Could you retype the whole listing word for word and drop the images?

_Data records_.
=======

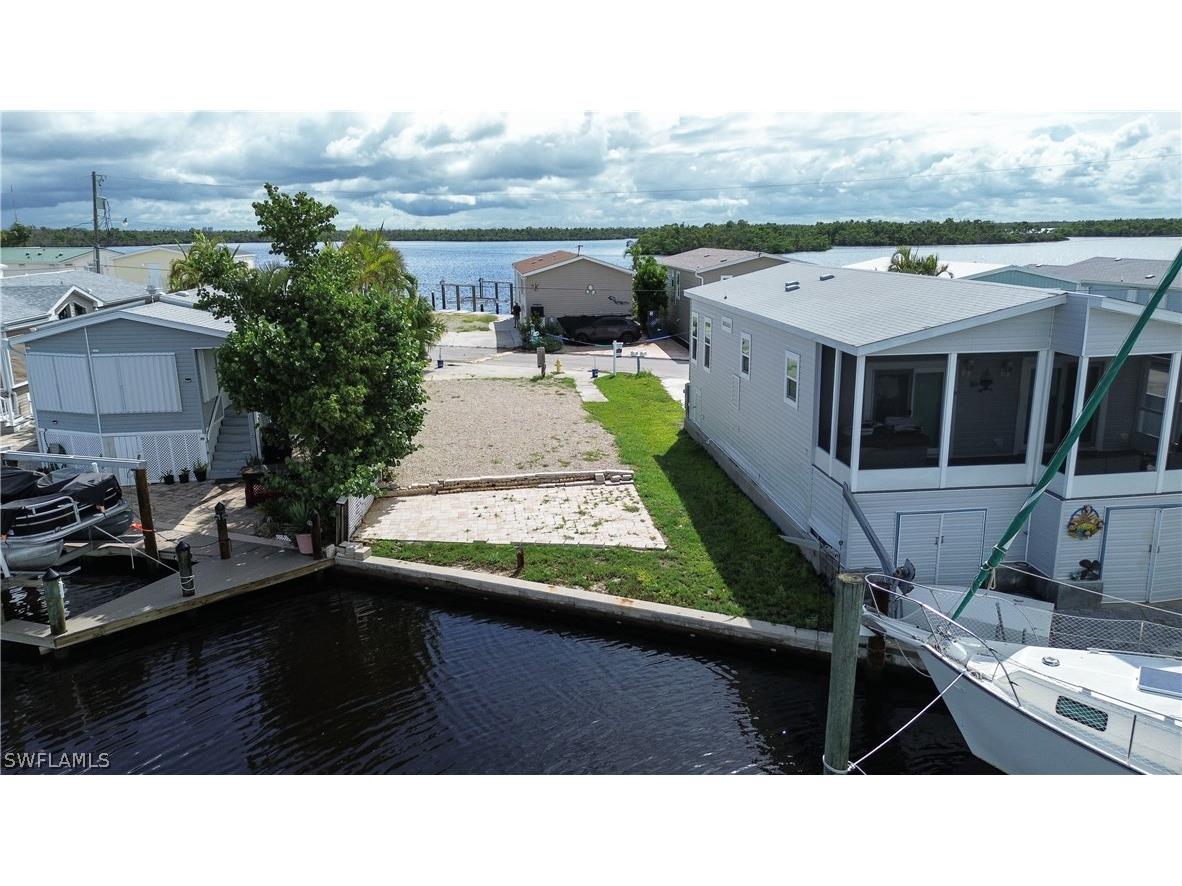 36 Emily Lane Fort Myers Beach FL 33931 224049707 image8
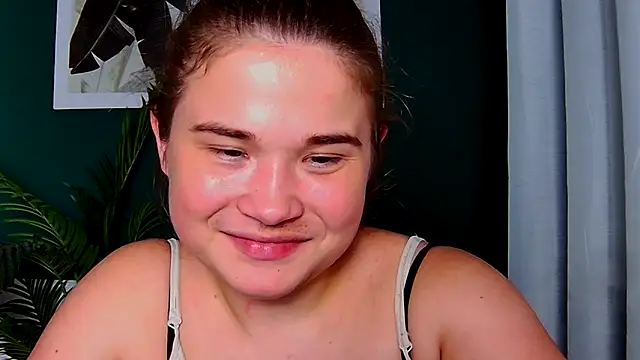 Snapshot of IsabellCharm chatting on October 12, 2025, 3:02 pm IsabellCharm online show from October 12, 2025, 3:02 pm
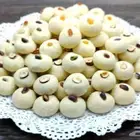من حلويات العيدغريبة العيد كل عام وأنتم بخير وإلي الله أقرب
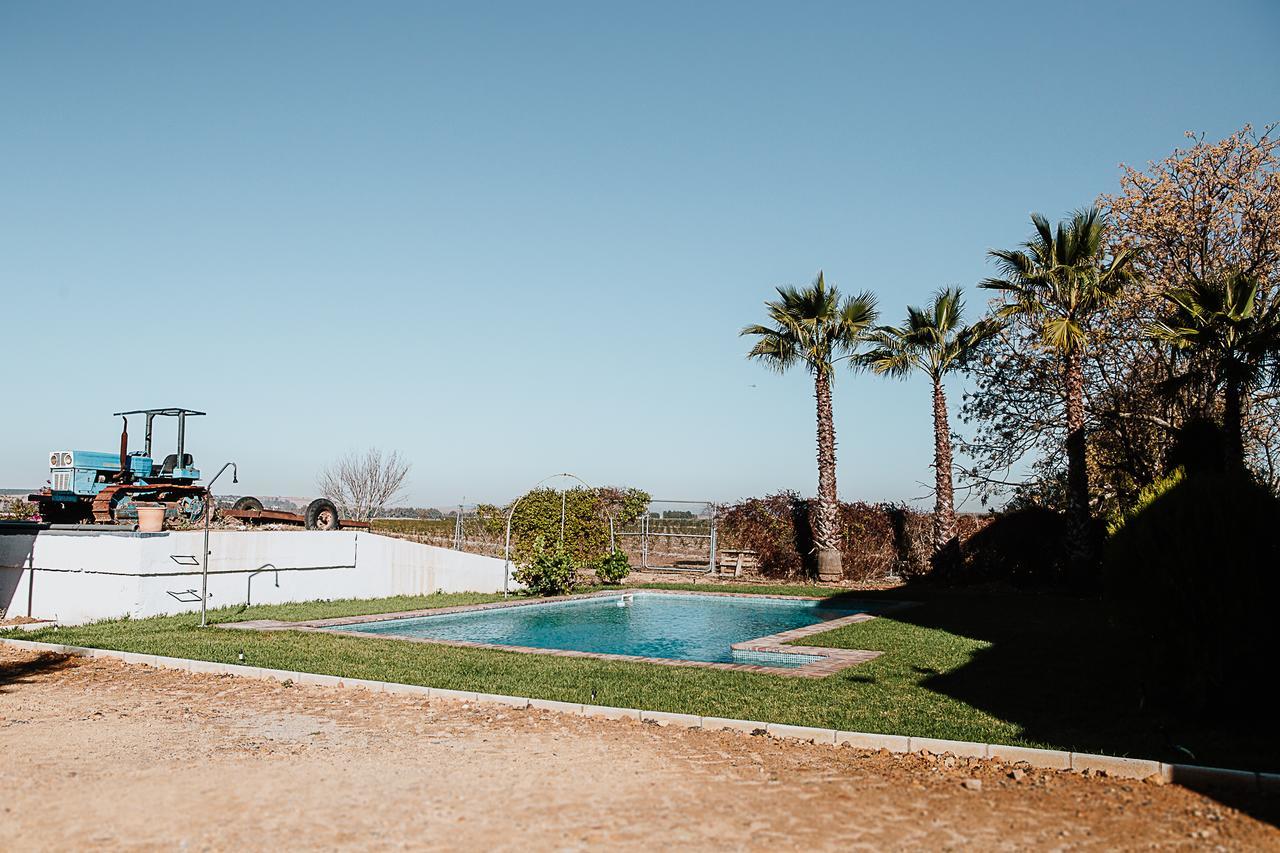 Cortijo Santa Clara Villa การ์โมนา ภายนอก รูปภาพ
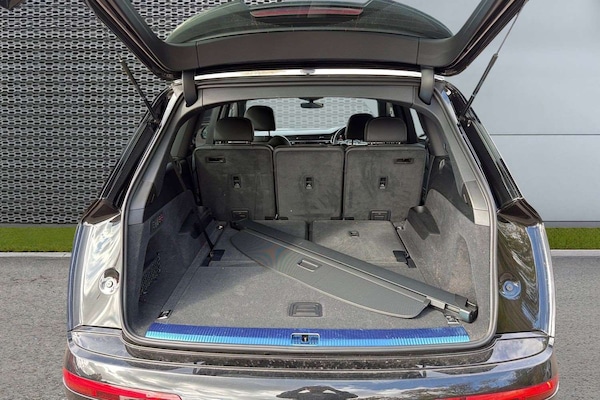 Used Audi Q7 2025 for sale - 76242604: Photo 13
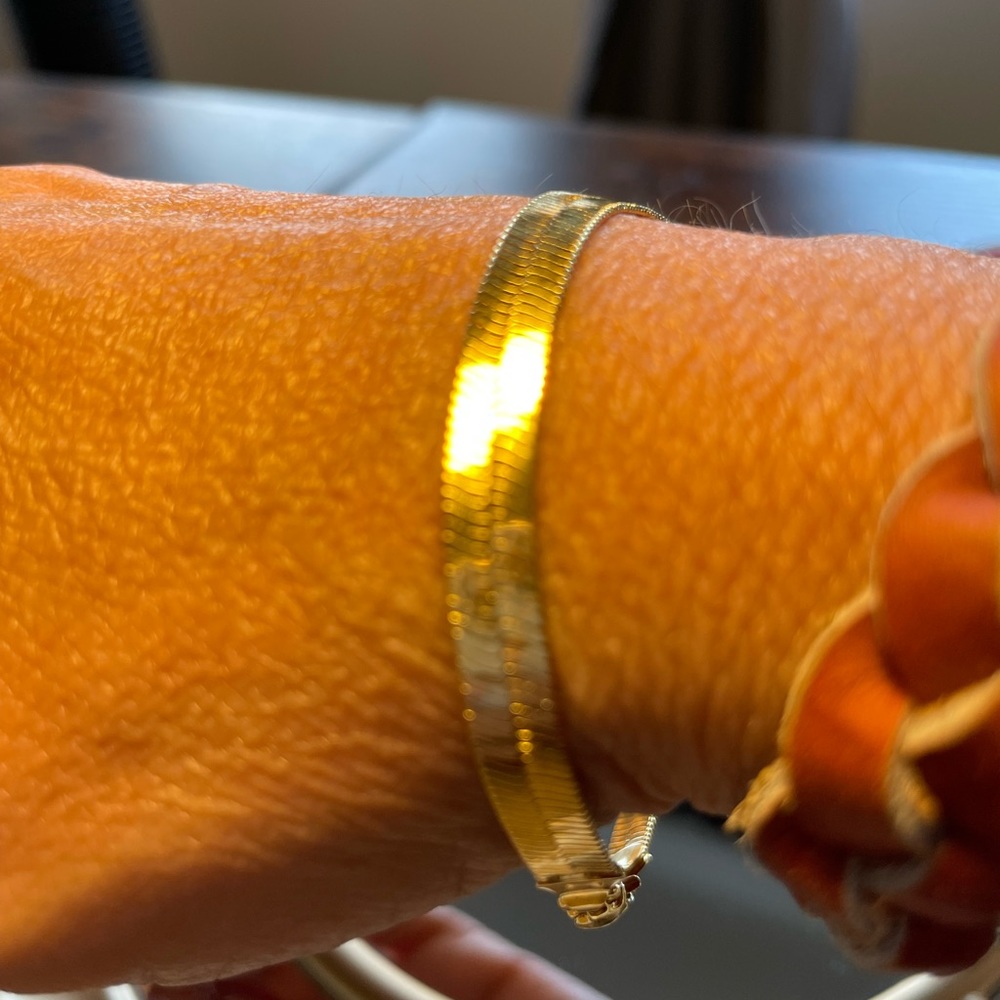 Gold tone herringbone thick bracelet 7.75”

=======

_Written solution_.
 36 Emily Lane Fort Myers Beach FL 33931 224049707 image8
 Snapshot of IsabellCharm chatting on October 12, 2025, 3:02 pm IsabellCharm online show from October 12, 2025, 3:02 pm
من حلويات العيدغريبة العيد كل عام وأنتم بخير وإلي الله أقرب
 Cortijo Santa Clara Villa การ์โมนา ภายนอก รูปภาพ
 Used Audi Q7 2025 for sale - 76242604: Photo 13
 Gold tone herringbone thick bracelet 7.75”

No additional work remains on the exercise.